I would lie to hear what you guys think of the Glanrafon as a hone. Beautiful stones, kind of a depth to their surface when wet.

So I tried my Glanrafon again on a razor last night, along with a Llyn Nantlle, the bottom two stones in the picture below. I wasn't actually intending on using the LN, but it was late and I was struggling to get a really good edge on the GR, and thought I might as well compare them side by side.

IMG-4412.jpg



Here are some random thoughts...

The Glanrafon has the most peculiar feedback for a fine stone when used with a SR - even completely clean and unslurried the stone feels slightly gritty. But it's not quite that it's gritty in a coarsely abrasive sandstone-type way, it's slightly different, nevertheless the stone feels like it should be much coarser than it actually is. This aspect it far less noticeable when using on a knife, with some more pressure.

The Nantlle is very different, moreso than I remember it being. It feels like a very hard, fine stone - a bit like a Thuri might feel if it was way harder. But it errs on being a little a 'dead'. I prefer the GR feel, even if it's weird, in fact I rather like the GR feel. Used next to each other on a razor, there's actually no way you could mistake the stones for one another.

Both of them are very hard and slow, I don't think I could say one was marginally faster than the other - they're both just pretty slow. That's not something I particularly mind though. Following some of @rideon66 's advice on using Charnleys and GRs I now play around with different slurry stones on pretty much every finishing stone, with the exception of Arks and Thuris. I'd never really done this kind of thing before starting using SRs, and it's very easy to speed up a slow stone to fast, dilute the slurry down and finish clean. And it really does work a treat to create the effect of small a progression on one stone.

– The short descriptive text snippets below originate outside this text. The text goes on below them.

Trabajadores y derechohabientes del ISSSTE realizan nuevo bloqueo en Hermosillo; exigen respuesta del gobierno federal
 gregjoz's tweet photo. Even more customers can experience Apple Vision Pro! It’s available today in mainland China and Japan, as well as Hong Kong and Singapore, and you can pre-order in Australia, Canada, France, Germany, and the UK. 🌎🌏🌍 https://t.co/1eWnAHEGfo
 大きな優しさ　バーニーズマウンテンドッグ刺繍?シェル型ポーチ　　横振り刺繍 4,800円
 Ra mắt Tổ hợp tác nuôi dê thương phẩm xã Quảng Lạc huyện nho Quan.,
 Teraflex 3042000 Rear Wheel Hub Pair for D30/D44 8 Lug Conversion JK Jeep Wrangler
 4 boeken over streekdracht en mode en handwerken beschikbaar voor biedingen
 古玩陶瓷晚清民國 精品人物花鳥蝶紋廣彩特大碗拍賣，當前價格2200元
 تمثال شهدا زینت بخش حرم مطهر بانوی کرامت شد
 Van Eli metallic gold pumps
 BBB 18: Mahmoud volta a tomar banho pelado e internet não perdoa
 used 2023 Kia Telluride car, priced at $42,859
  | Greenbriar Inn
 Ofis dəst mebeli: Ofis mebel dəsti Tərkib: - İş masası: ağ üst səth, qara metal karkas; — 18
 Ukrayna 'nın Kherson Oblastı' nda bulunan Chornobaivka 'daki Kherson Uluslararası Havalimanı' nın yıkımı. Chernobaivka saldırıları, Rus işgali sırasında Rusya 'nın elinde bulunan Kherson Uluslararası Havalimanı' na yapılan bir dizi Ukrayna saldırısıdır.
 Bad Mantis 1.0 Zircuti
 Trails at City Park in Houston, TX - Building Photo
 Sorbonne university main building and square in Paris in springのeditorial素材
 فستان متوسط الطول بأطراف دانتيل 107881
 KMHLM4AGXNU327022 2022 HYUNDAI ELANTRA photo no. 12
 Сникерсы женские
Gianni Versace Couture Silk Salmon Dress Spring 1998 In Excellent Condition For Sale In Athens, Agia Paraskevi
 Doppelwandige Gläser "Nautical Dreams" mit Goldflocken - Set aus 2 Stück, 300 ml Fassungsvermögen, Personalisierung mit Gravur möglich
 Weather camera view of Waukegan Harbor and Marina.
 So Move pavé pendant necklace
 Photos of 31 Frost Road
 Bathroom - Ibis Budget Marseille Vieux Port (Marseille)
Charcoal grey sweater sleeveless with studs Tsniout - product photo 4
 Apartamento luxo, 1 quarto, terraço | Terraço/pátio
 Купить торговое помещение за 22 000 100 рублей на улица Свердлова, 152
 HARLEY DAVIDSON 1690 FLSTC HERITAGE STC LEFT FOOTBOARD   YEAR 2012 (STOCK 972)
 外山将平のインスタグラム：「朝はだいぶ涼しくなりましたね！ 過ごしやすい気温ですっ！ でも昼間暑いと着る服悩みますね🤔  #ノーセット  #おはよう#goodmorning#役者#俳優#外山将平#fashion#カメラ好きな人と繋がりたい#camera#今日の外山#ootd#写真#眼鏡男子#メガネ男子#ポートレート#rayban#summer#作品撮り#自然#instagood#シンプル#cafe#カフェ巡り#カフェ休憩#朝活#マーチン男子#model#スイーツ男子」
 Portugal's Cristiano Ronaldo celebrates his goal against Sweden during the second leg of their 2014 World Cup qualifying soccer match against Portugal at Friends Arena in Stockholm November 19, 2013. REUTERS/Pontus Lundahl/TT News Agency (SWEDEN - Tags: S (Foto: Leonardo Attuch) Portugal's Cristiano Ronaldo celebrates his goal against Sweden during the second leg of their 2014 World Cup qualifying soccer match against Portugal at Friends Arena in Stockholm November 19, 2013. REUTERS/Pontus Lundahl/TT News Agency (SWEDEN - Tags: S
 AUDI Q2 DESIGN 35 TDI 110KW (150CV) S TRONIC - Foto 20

The stones are very similar in terms of 'grit', but the Glanrafon is a little coarser, the Nantlle stone is very fine. You can see this difference under a scope too. I struggled yesterday to get a really good edge off the GR, and it was noticeably improved by the LN. This I'm sure is down to user incompetence / I have used the LN more and know it better. It's also the only GR I've ever had or used, so don't know how they vary - I imagine the grit ranges of different examples of each type would overlap.

So based merely on a sample size of two... I think my Glarafon would have taken a little more patience or expertise to coax a seriously good SR edge out of it than the Llyn Nantlle, though I prefer its feel. The two are though are quite alike in terms of results, which is unsurprising considering how close they are geographically. I'm just looking for very small differences, the biggest properly noticeable one is the feedback.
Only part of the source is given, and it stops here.